Samedi, 40.000 fans de Warren Buffett, dont beaucoup se sont enrichis grâce à lui, s’étaient rassemblés dans un stade couvert pour écouter la parole de leur héros, en qui ils voient le symbole du capitalisme responsable, par opposition aux banquiers âpres au gain de Wall Street vus comme les responsables de la crise financière mondiale.

Pour eux, Warren Buffett est l’équivalent d’un Gandhi pour les Indiens ou un Churchill pour les Britanniques.

“C’est un homme qui a les pieds sur terre, il est franc, direct et très intègre”, explique Chuck Doane, installé à Omaha depuis les années 50 et actionnaire de Berkshire Hathaway.

Connu pour ses goûts simples et son sens de l’économie, Warren Buffett s’accorde un salaire de 100.000 dollars par an. Il vit dans la même maison depuis les années 50, et préfère un Coca à la cerise à un grand cru classé.

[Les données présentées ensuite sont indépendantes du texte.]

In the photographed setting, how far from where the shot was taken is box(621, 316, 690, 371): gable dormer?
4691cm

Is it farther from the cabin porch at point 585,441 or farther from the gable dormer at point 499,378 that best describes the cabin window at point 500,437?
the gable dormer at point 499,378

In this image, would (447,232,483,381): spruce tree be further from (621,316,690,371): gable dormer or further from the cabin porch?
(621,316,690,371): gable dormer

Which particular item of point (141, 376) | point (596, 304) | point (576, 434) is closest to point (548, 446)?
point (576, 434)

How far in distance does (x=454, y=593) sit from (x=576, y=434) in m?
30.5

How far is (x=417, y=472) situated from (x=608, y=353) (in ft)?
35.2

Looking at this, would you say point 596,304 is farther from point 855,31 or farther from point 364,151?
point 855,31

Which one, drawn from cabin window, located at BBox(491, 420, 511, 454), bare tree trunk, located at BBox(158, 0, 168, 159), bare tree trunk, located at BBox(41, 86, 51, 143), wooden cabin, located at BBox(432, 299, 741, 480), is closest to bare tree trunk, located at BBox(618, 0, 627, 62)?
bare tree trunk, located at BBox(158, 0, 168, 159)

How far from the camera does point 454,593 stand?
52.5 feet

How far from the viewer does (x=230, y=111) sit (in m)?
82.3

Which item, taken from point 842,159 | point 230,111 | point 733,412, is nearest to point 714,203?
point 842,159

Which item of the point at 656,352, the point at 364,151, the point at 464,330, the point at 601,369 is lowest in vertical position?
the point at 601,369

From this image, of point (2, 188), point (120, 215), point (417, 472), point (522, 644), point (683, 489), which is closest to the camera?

“Il personnifie l’esprit américain”, estime Lawrence Cunningham, un actionnaire venu avec sa femme enceinte assister à sa 14e assemblée générale pour écouter Warren Buffett répondre aux questions des actionnaires.

“Tous les pays ont leur héros, et le modèle du héros dans ce pays a de l’esprit, sait se moquer de lui-même et reste modeste”, explique M. Cunningham.

“Et tirer de simples leçons de vie d’idées très complexes est très américain”, ajoute-t-il.

C’est ce rôle de Pythie que les actionnaires viennent entendre chaque année.

Cette fois-ci encore, Warren Buffett s’est montré peu avare de conseils en tous genres, de l’investissement dans l’or (pas la meilleure idée au moment où les cours sont au sommet) à l’éducation des enfants quand on est riche (c’est votre faute, pas la leur).

Mais cette année, il y a a eu un problème que l’investisseur le plus respecté des Etats-Unis n’avait pas vu venir: la démission surprise de son assistant David Sokol, qui avait acheté et revendu des actions Lubrizol au moment où se dessinait la possibilité que le groupe chimique américain soit racheté par la holding de M. Buffett.

Pour les actionnaires, cet incident soulève des questions sur la capacité de jugement de M. Buffett, qui doit bientôt fêter son 81e anniversaire, alors que David Sokol était considéré comme un de ses successeurs possibles.

Pour Lawrence Cunningham, “cela peut inquiéter les gens, leur faire penser qu’il n’y a pas de héros en ce monde, car même cet homme, cette entreprise magnifique dirigée par des gens qui portent une auréole, a des crapules au plus haut niveau”.

Pour d’autres, le scandale soulève aussi des questions sur l’après Buffett.

“L’affaire Sokol soulève la question de la succession”, explique LJ Rittenhouse, venue elle aussi participer à sa 14e assemblée générale. “Comment quelqu’un qui était considéré comme un successeur potentiel a-t-il pu faire une chose pareille? Et comment remplacez-vous un Warren Buffett?”